Write Short Notes On:

Accounting as a communication

bba notes financial accounting

Ans: The shareholders and other stakeholders are those who have at least some level of stake over the performance of the organization directly or indirectly. Financial statements are the principal means of communicating important accounting information to the various internal and external users. Accountants report about its stock of resources in the form of a balance sheet and the flows are reportaed through the income statement, statement of changes in retained earnings and a cash flow statement. Consequently, a business entity prepares and issues four statements, which are generally accompanied by a number of supporting schedules and explanatory materials- all of them compiled in to an Annual Report. Shareholders and other stakeholders of the business are normally communicated through different components of financial statements.

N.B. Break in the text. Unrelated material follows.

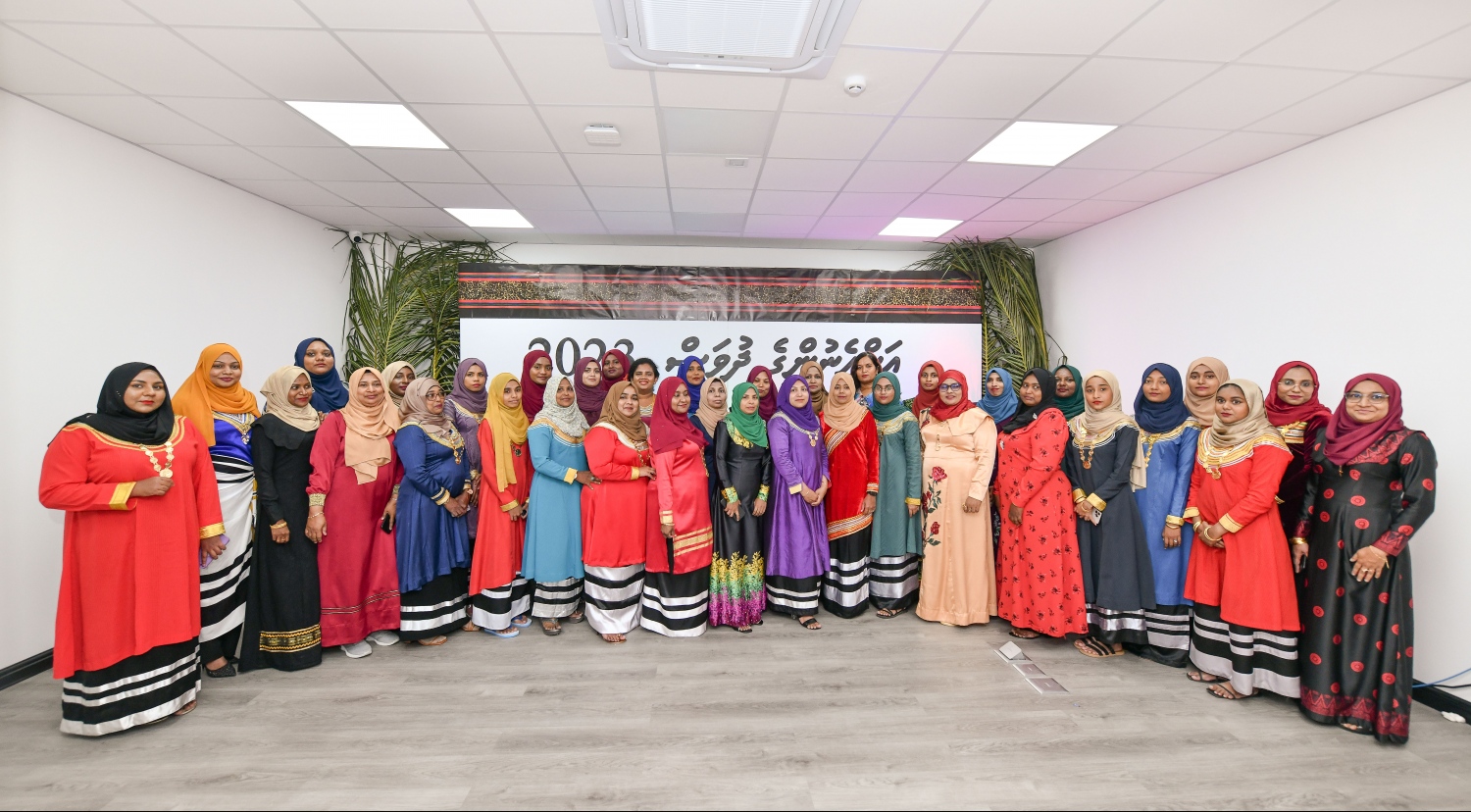 ޓްރާންސްޕޯޓް މިނިސްޓްރީން އަންހެނުންގެ ދުވަސް ފާހަގަކުރުމަށް އެ މިނިސްޓްރީގައި ބޭއްވި ހަފުލާ: އަންހެނުންގެ ދުވަސް ފާހަގަކުރުމުގެ ގޮތުން އެ މިނިސްޓްރީގެ ހުރިހާ މުވައްޒަފުން މިއަދު އޮފީހަށް ނިކުތީ ދިވެހި ހެދުމުގައި.-- ފޮޓޯ: ނިޝާން އަލީ / މިހާރު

The balance sheet communicates the resources of an organization and claim of the shareholders over those resources in organization. The resources are reflected as assets and the claim are reflected as obligations or the liabilities and the owner’s equity, which is the amount invested in the business by its owners in the balance sheet. The balance sheet shows the financial position of a company in an accounting period.

The income statement communicates profitability situation of the organization during and accounting period. The net income is the excess of incomes over expenses and the net loss is the excess of expenses over incomes. This statement reflects the operating performance of the organization and deals with the tradable items.

The statement if changes in owner’s equity communicates the changes in equity over the reporting period. This statement starts with beginning equity and adjusts it for events that increase equity i.e. investments by the owner and net income, and decrease equity i.e. net loss and owner withdrawals.

The statement of retained earnings communicates the retained earnings balance of a company after adjusting any additions to it on account of net income and deductions by way of distributions of dividend. It shows the accumulated or retained deductions by way of distributions of dividend. It shows the accumulated or retained profit after distributions of dividend to the owners for their capital contribution or the earnings distributable to owners in another word.

The statement of cash flows reflects the number of cash receipts and disbursed by the firm in different business activities which are classified as operating, investing, and financing. The statement of cash flows describes the sources and uses of cash for an accounting period. It also reports the amount of cash at both the beginning and end of a period. It simply shows the cash increases and decreases during a year due to different activities in comparison with last year.